[INFORMATION SUPPLIED]

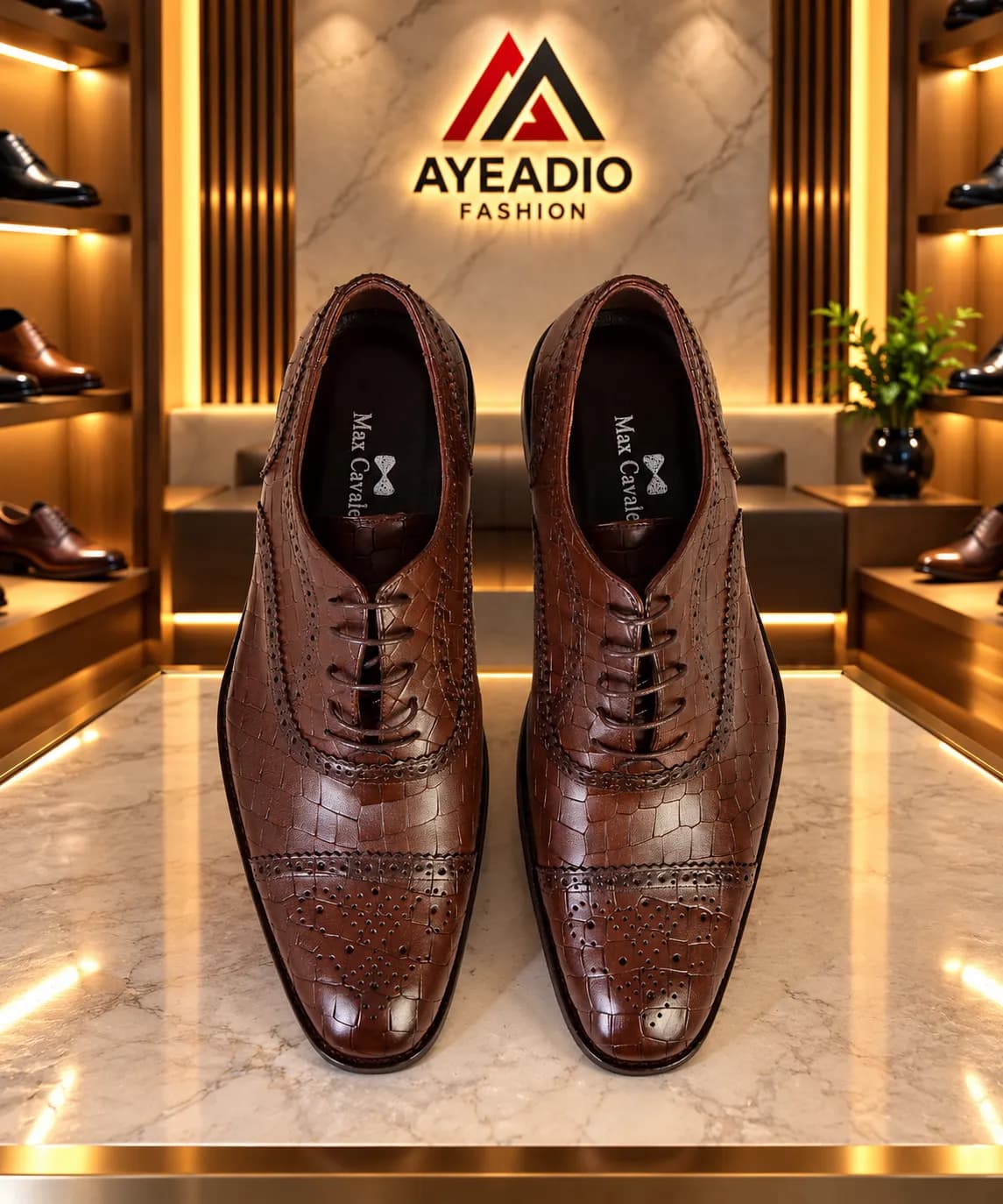 Brown Max Cavalera Shoe — fabric detail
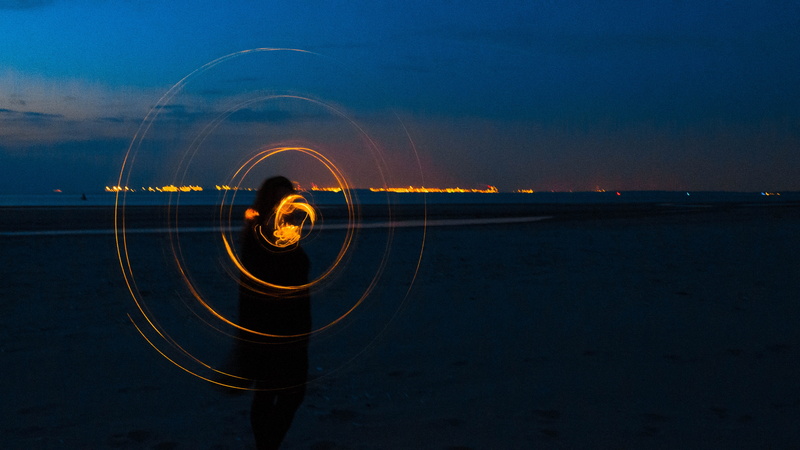 beach, lumix, nightsky, art, shutterspeed, hidden, no people, circle, sky, panasonic, motion, water, land, transportation, dark, 4K, magic, illuminated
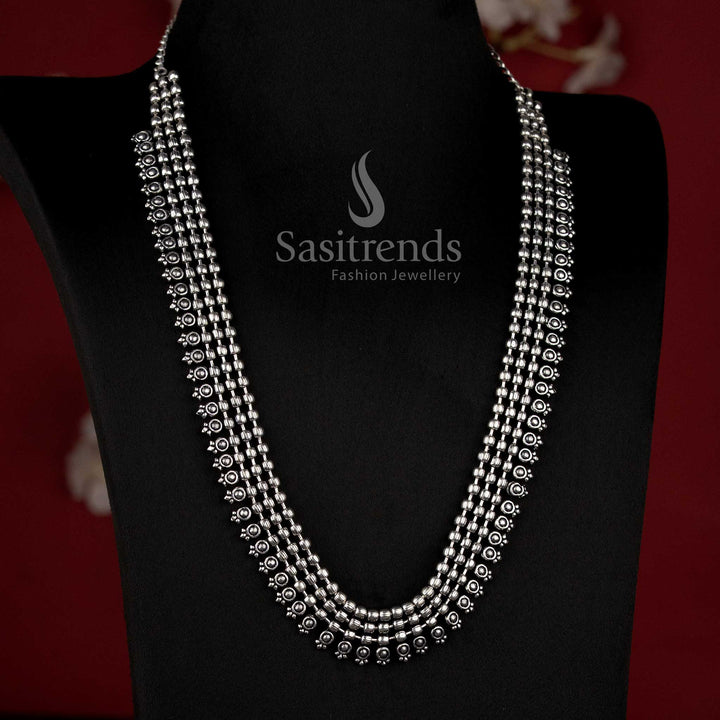 Traditional Oxidised Silver Bead Fringe Choker Necklace with Intricate Tribal Detailing - Sasitrends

[/INFORMATION SUPPLIED]

■ WHAT YOU NEED TO DO
An exact copy of the data is required, with the pictures excluded.

■ TASK SOLUTION
 Brown Max Cavalera Shoe — fabric detail
 beach, lumix, nightsky, art, shutterspeed, hidden, no people, circle, sky, panasonic, motion, water, land, transportation, dark, 4K, magic, illuminated
 Traditional Oxidised Silver Bead Fringe Choker Necklace with Intricate Tribal Detailing - Sasitrends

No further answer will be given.